Hi friends, hope we’re all keeping well.
I recently finished a massive, massive ebook called ‘Super Thinking’ by Gabriel Weinberg and Lauren McCann, which talks about various different mental models. Mental models are basically ways of thinking that can help you make better and more informed decisions, and strengthen your understanding of things.
While I’ll certainly do a book review on it some time in the future, I do wish to talk about some of the really cool effects and biases that were mentioned in the book-
Biases, similar to mental models, help influence your thinking and decision making, but in the completely undesired way. You’ve probably heard of the really common ones, like survivorship bias and availability bias (which I’ll still go over in a bit), but there were also some models that I’ve never heard of before mentioned in the book, like the Hydra Effect, Occam’s Razor, and the Lindy Effect.
Without further ado, let’s go over some of these mental models and see in what situations could we benefit from them!
1. Availability Bias⏱
Basically, this means we tend to over-rely on information that was just recently made available to us; stuff that we just found out about through a very recent experience. This can be inaccurate because we usually want to look at the big picture, the entire history, rather than the single event that we get information from.
For example, one may be quick to assume that murders are on the rise because they’ve seen two or three reports on television discussing some recently occurred murders in the nation, when in actuality if you look at the last 5 years, then murders may instead be on the decline.
Why Should You Know This?
-Be careful not to make crucial decisions or arrive at extreme conclusions that are based only on recently occurred events, but rather look at the history of this type of event first before drawing a conclusion.
2. Survivorship Bias✈️
The best way to explain this bias would probably be to give an example.

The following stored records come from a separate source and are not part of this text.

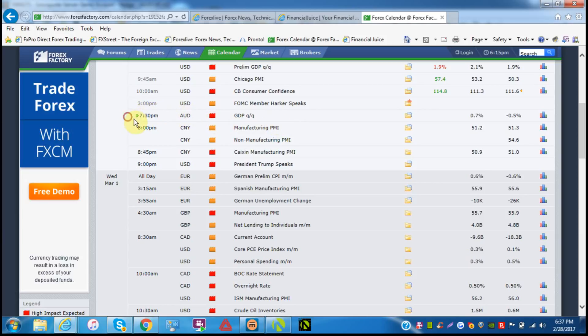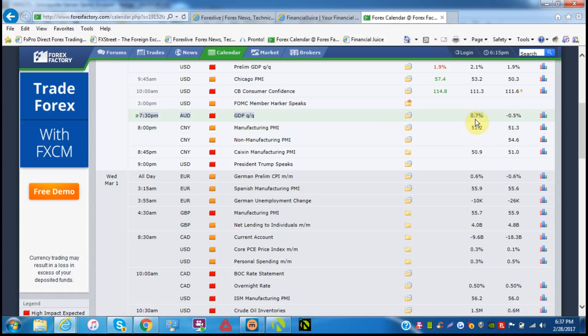So here we are. Talked about this last week, but we are just about at Australian Dollar GDP, coming up at 7:30 p.m. New York time. They are expecting a positive reading of 0.7% quarter over quarter versus a negative 0.5% last quarter. So they are expecting a positive number. Now remember that the Aussie certainly has been strengthening lately, really over the last many, many weeks.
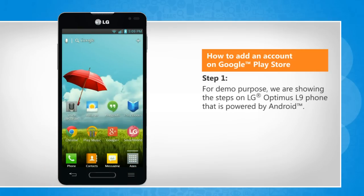For demo purpose, we are showing the steps on LG Optimus L9 phone that is powered by Android.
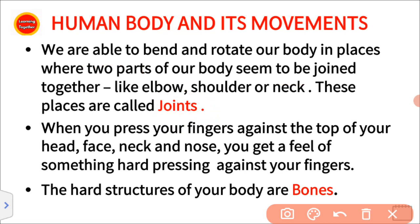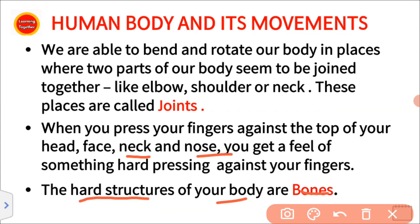When you press your fingers against the top of your head, face, neck, and nose, you get a feel of something hard pressing against your fingers. This is the hard structure of your body — these are bones.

Let’s say you’re looking for a good stock to invest in, and you’re browsing through various different sites. On one of them, you read the story of how this one teenager managed to become an overnight millionaire with a certain stock. Incentivised, you begin researching all the various success stories with this one stock and find all sorts of different success stories told by all sorts of different people, leading you to come to the conclusion that you should buy this stock.

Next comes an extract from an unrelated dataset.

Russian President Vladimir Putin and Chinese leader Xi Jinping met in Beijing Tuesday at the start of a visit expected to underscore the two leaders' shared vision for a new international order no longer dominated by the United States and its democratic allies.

This is a classic example of survivorship bias, where you make decisions based on the small amount of success stories, the ‘survivors’, rather than the hundreds to thousands that failed, and ‘didn’t survive’. While there may be up to 10 different success stories around one stock, you’ll almost never read about the hundreds of thousands of people who might’ve actually lost money with that stock. And unfortunately, you will most likely also fall into that ‘unlucky’ majority who will lose money.
According to Wikipedia, survivorship bias is ‘logical error of concentrating on the people or things that made it past some selection process and overlooking those that did not, typically because of their lack of visibility. This can lead to some false conclusions in several different ways.’, which is probably a much better way of saying it.
Why should you know this?
-When reading about all the different success stories about certain products, events, or services, always remember to think about the huge number of failures that most likely preceded the successes, but are never shown. It’s likely that the amount of failures completely exceed the very few successes.
3. Ockham’s Razor🔪
A very simple, yet useful model is Ockham’s Razor. In layman’s terms, Ockham’s Razor states that the simplest explanation is usually the best (and most likely) explanation for something.
To give an example, let’s say you’e chilling in a cafe in the middle of Dublin, Ireland, and hear some distant galloping outside. You can deduce that the animal outside will most likely have 4 legs, and has hooves.
That being said, you will most likely not believe that the animal outside is a zebra, since, well….we’re living in Ireland. Ockham’s Razor states that the simplest explanation is usually the correct one, and so we can conclude that the animal outside is just a horse passing by.
Ockham’s Razor can be both useful and harmful, though. If you have a simple cough and go to the doctor’s , they’ll usually adhere to Ockham’s Razor and give you medication for a common cold or something, and not even consider the likelihood of a disease that’s much more sinister and dangerous. Unfortunately, this can happen very often.
With that being said though, I think it’s important to remember how rare such cases are, where it is the very rare and unusual situation that is the answer.
Why should you know this?
-Ockham’s Razor can help stop you from doing a lot of overthinking. It’s just more likely that the simplest explanation is the correct one; and so using this information I think you can make a lot of important decisions and conclusions.
Alright, that’ll probably do it for this blog post I think. I definitely also want to make this a series, where I go over some interesting mental models, biases and other fallacies that I find interesting and useful to know.